An Unspoken Betrayal

Book Two of The Devane Files

Denyse Bridger

“Well, darling,” Michael Devane smiled broadly at his lovely wife and extended his hand to help her from the carriage, “home at last.” He kissed her temple and they stood for several moments looking at the sprawling Kensington townhouse that had been her family’s home for over fifty years.

“Home,” she repeated softly, both pleasure and reticence in the quiet word. The last time they’d stood on this spot, they’d just been married, and her father had just been hanged for his part in the murder of her previous husband. Michael Devane had been the police inspector in charge of that investigation; it’s how they’d met.

“We don’t have to stay here, Bethany,” he murmured close to her ear.

She smiled, and leaned into him as they began to move away from the carriage that had collected them at the train station. Their baggage was being taken inside and the huge double doors were now open. Carstaires, the family butler, patiently awaited them.

“As you said, Michael,” she whispered, “this is home.”

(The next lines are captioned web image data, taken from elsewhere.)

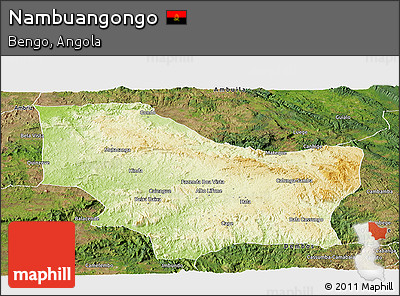 Physical Panoramic Map of Nambuangongo, satellite outside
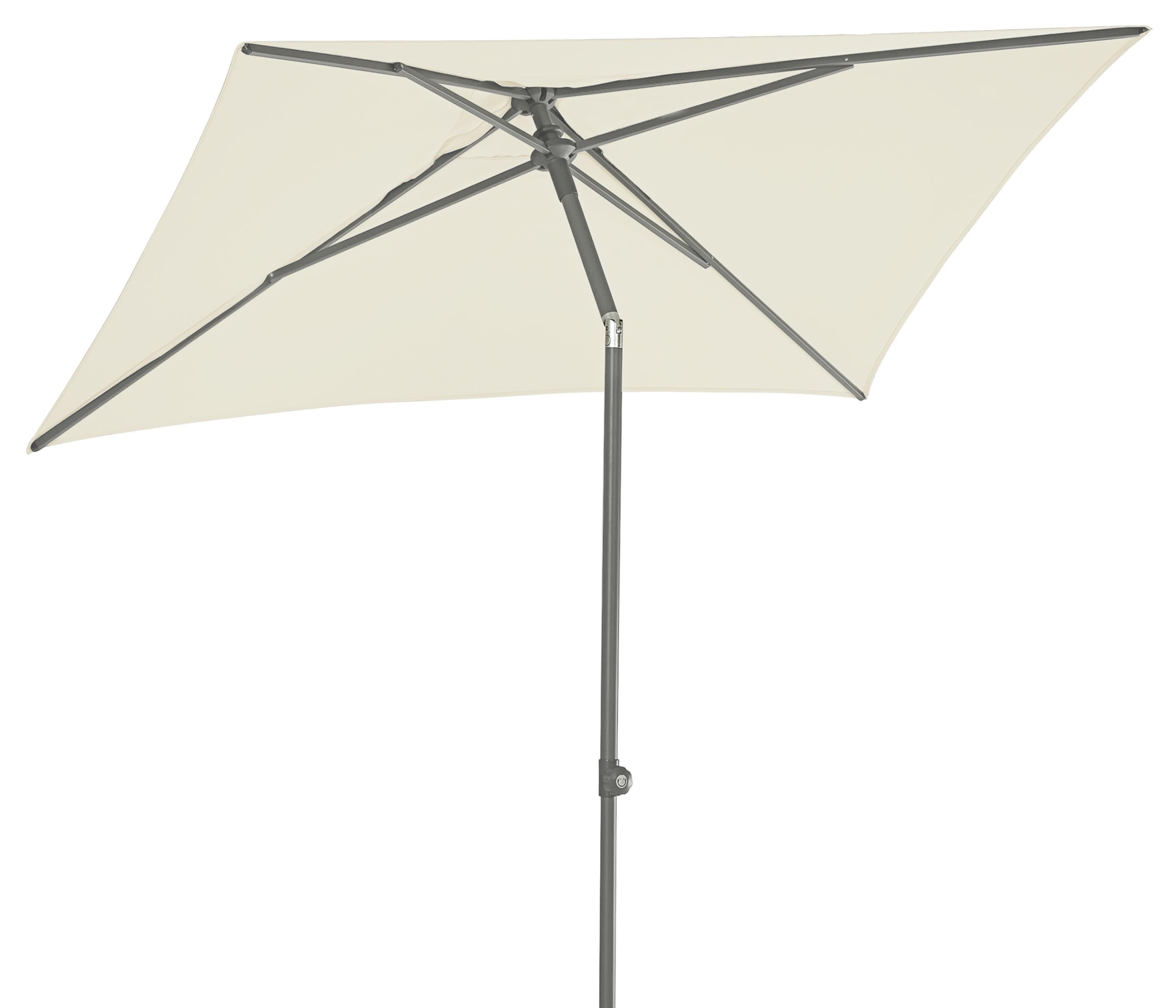 Dehner Premium Lovely Andros Sonnenschirm beige 210x150 cm UV80+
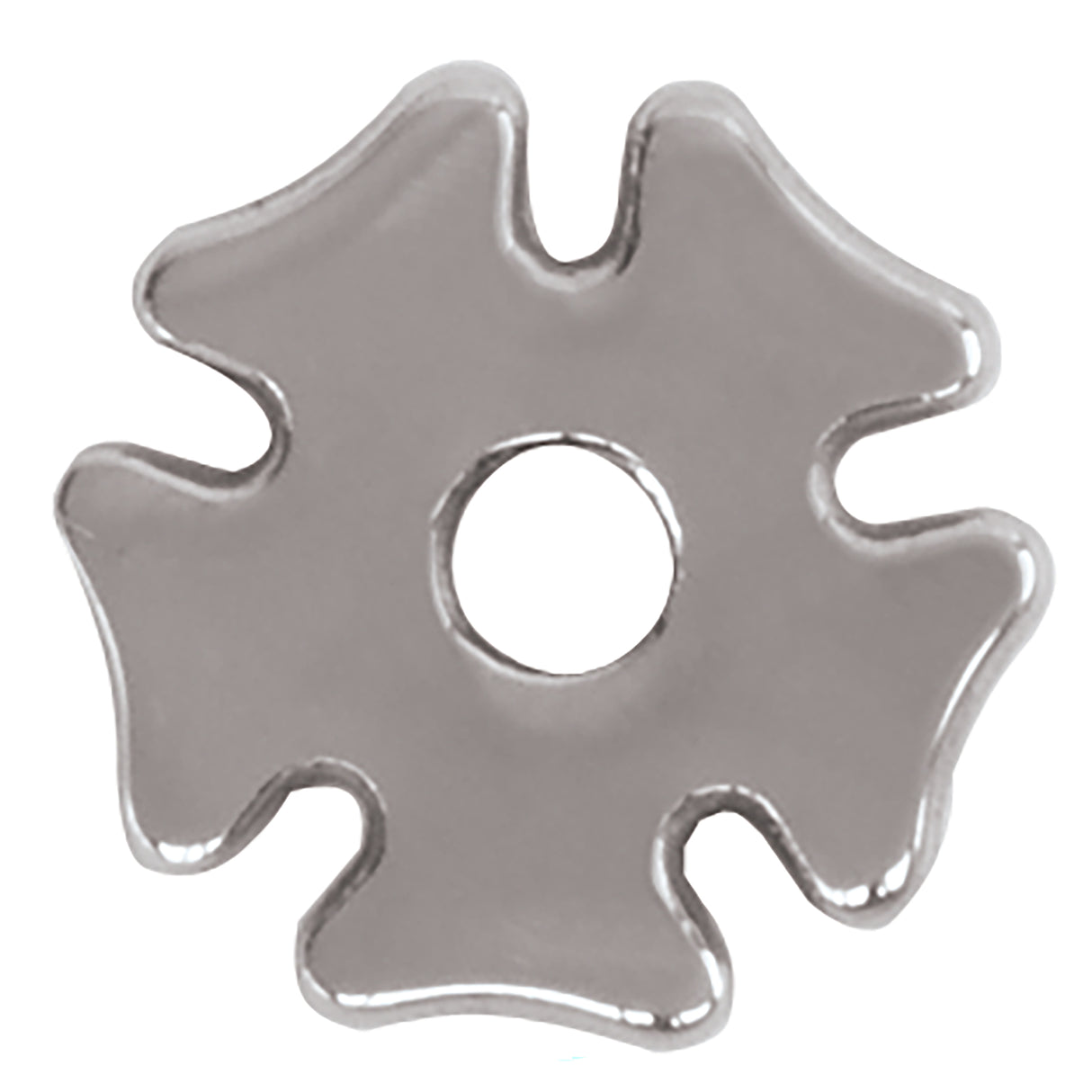Clover Leaf Replacement Rowel, Stainless Steel, 7/8"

Genuine warmth came into her voice and her pretty features as she approached the tall, austere butler and his hauteur cracked, bringing forth a smile that surprised Devane as he watched her greet the man whose presence was as solid as the house itself. Michael wondered, in that moment, if she’d ever known a day in her life when Carstaires wasn’t part of her home. Probably not, he concluded, there was too much sincere happiness in the man’s face for there to be any doubt about his devotion to Bethany.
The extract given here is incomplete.